Dataset items
· · ·
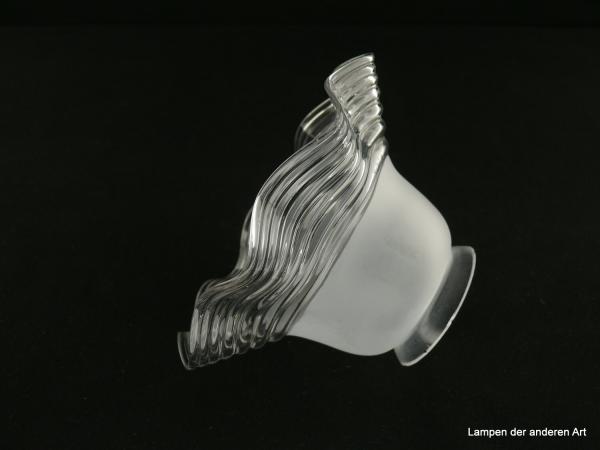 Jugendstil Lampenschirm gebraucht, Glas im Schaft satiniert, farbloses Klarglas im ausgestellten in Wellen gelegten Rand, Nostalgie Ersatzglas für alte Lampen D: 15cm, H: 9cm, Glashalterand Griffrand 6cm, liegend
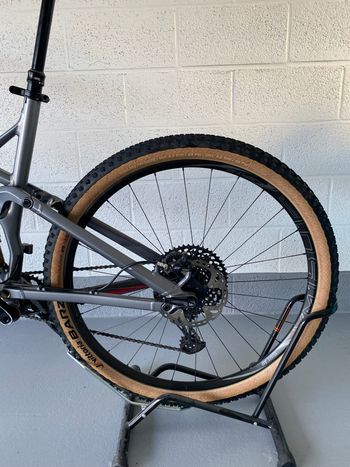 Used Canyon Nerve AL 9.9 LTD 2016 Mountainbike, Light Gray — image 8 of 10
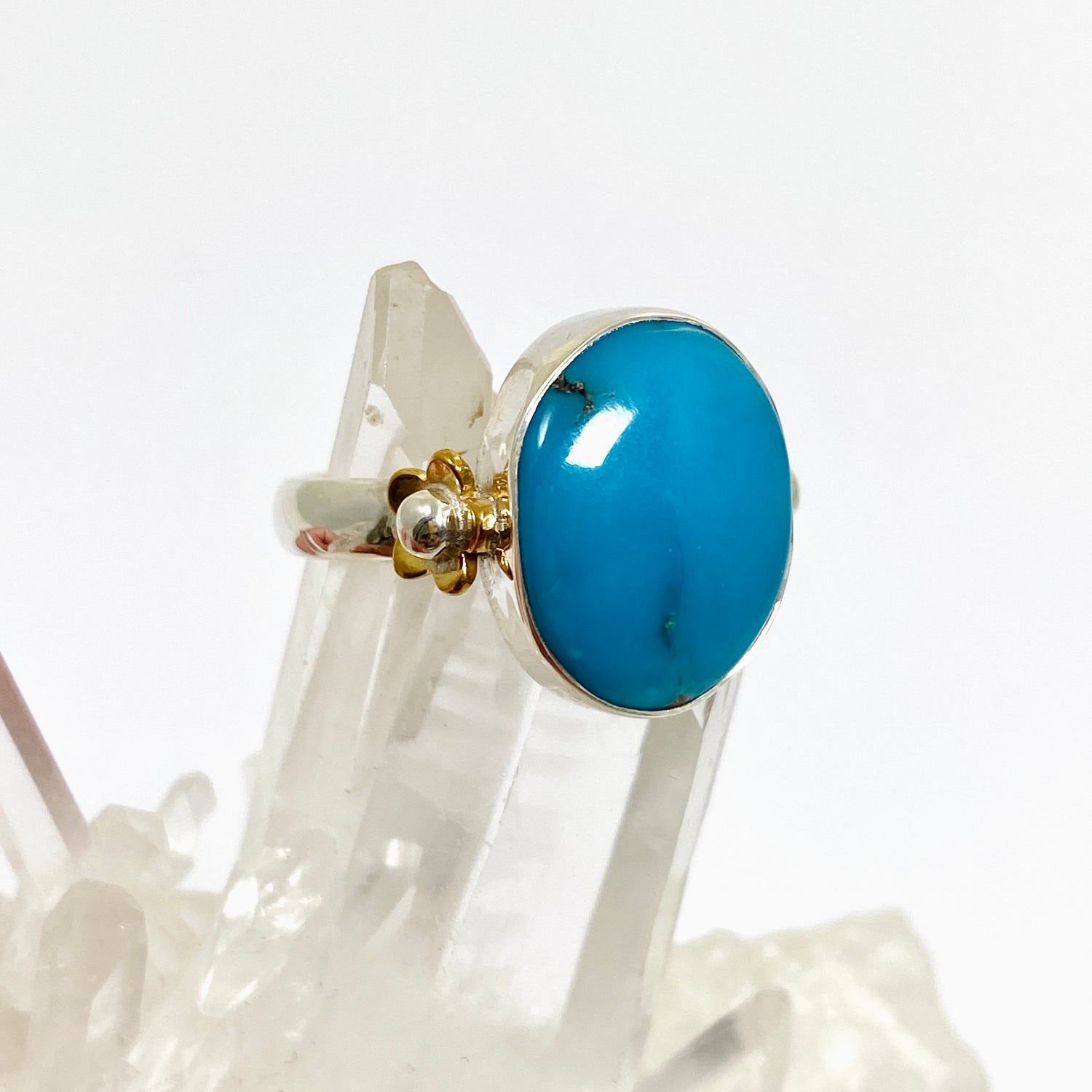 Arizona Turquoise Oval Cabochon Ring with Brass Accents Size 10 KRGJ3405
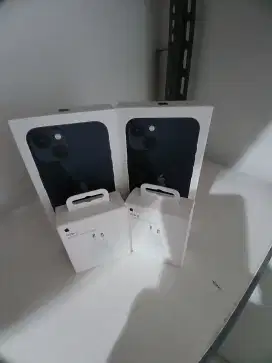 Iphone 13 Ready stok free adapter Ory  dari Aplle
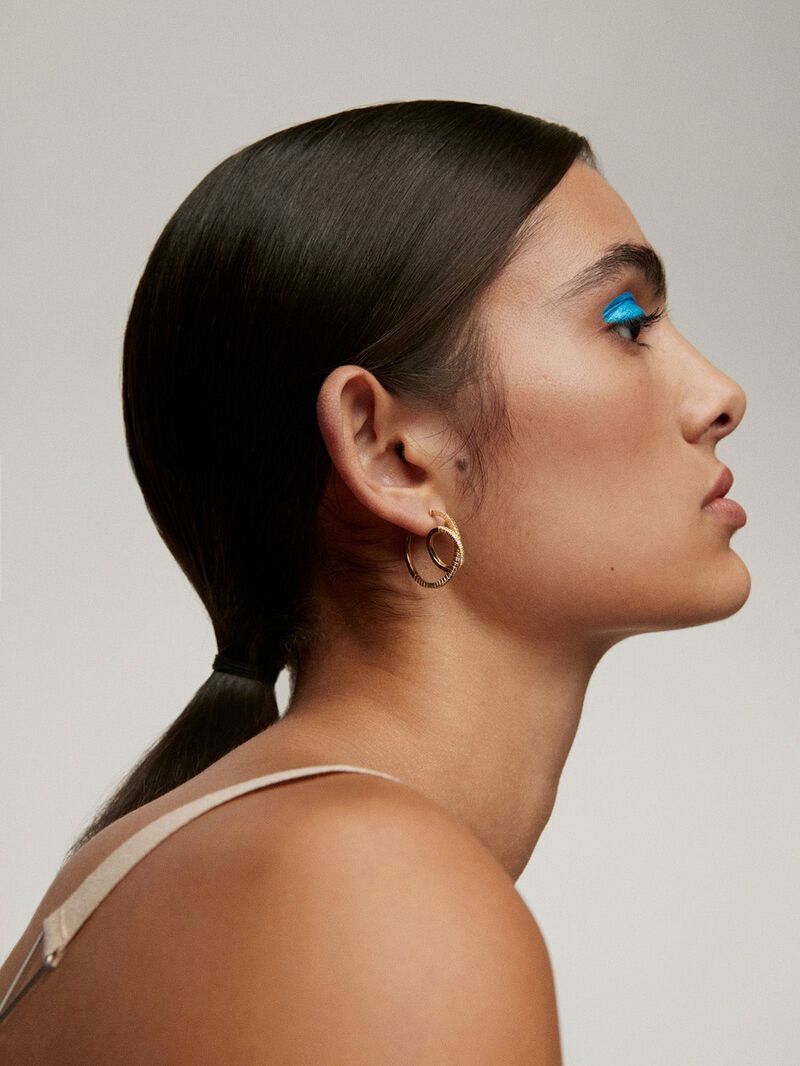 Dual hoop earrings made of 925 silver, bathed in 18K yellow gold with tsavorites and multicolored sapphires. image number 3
· · ·
→ **Exercise instructions**
Reproduce the records above exactly, but only from the line containing "Arizona Turquoise Oval" through the last line, both included, and without any pictures.

→ **Response to this task**
 Arizona Turquoise Oval Cabochon Ring with Brass Accents Size 10 KRGJ3405
 Iphone 13 Ready stok free adapter Ory  dari Aplle
 Dual hoop earrings made of 925 silver, bathed in 18K yellow gold with tsavorites and multicolored sapphires. image number 3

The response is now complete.